I kept track of him as he slowly meandered my way, taking note of how he paused in front of the bulletin board and pretended to read it. I was breathless by the time he reached his final destination: my desk. He’d never once looked at me the entire way over but upon his arrival, he turned his head my way and his eyes suddenly lit up, as though he hadn’t noticed me before, as though I’d materlialized right in front of him and he was seeing me for the first time. He was even cuter up close.

“Oh, hey,” he said, “I’m Ben.”

“I’m Michelle,” I replied. Then I smiled — like, actually smiled, in a way that was genuine and warm. What was I doing?

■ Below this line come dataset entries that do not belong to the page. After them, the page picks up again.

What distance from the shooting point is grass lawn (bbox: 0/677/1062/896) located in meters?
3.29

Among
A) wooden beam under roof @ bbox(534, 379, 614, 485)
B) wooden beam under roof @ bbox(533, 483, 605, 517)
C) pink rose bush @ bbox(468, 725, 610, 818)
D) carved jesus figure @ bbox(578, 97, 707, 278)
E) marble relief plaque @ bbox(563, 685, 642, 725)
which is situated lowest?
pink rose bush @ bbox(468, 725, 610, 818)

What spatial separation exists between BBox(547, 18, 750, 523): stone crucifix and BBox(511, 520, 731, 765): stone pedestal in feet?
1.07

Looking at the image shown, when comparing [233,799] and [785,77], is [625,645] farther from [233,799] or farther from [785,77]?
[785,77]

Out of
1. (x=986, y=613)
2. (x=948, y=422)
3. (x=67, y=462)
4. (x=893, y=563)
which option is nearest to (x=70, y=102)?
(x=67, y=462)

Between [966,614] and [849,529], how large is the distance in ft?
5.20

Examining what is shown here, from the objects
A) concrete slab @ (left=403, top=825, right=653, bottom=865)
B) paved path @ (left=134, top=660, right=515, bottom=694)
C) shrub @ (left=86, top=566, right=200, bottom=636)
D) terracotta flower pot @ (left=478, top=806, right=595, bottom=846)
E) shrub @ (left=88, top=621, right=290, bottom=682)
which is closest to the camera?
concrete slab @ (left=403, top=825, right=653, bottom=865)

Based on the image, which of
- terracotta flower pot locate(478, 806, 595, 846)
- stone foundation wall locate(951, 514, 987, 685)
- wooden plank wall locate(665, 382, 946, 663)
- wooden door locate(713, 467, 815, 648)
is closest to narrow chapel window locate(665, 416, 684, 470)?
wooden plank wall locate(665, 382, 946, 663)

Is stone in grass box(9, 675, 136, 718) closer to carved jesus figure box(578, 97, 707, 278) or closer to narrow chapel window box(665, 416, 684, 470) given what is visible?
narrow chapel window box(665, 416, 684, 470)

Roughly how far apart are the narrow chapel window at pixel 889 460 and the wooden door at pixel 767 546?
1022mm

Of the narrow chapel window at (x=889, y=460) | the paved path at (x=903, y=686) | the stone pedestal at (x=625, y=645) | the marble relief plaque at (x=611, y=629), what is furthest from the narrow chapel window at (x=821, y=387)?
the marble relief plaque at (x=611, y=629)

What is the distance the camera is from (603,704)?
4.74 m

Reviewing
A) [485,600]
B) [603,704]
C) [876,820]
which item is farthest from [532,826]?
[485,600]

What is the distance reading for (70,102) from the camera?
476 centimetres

“It’s nice to meet you,” Ben said in response, as he held his hand out to me. The seemingly simple exchange of a handshake had taken on a lot of meaning to me recently. I didn’t like being touched, especially by strangers, but I found myself reaching out in response, accepting what he had offered me.

“Yeah,” I said, my voice suddenly bigger, “you too.”

As our hands touched, something really strange happened: I felt okay. Instead of tense or afraid, I felt…fine. No, more than fine, something else, something I couldn’t quite identify. Safe? Comfortable? Our hands parted before I could pinpoint the feeling. A new one washed over me: longing, as though I wanted more.

As he began the journey back to his desk, he turned around and added: “I like your hair.”

In response, my hand instinctively shot upwards, grabbing strands of my newly red hair.

“Thanks,” I said, tangling and twirling the locks between my fingers. Feelings rained from the sky and soaked through me before I had the chance to reject them. One after another, they came down. I felt coy, and feminine, and sensitive and giddy even. It hit me in a rush: I felt good. And then, just as quickly, I felt awful. Because I knew how to handle the vulnerability of rage, fear and sadness (lock it somewhere deep inside me and throw away the key!) but I did not know how to handle the vulnerability of joy, the sort of soul-crushing happiness and fear that comes from being open.

I sat at my desk as I absorbed what had just happened, which, on the surface, was nothing really, just a man shaking my hand. The issue was that it had kind of, sort of set off a five-alarm fire in my heart. Such feelings were very inconvenient but even as I shook my head and told myself I had no time for that kind of nonsense, I knew all my protests were useless. In under two minutes, Ben had shot to the all-star list in my hall of crushes and with that single exchange, I’d gone from a hardened 23 year old woman in the midst of dealing with her rape trial who sought to avoid feelings at all costs, to a giddy girl deep in the throes of puppy love.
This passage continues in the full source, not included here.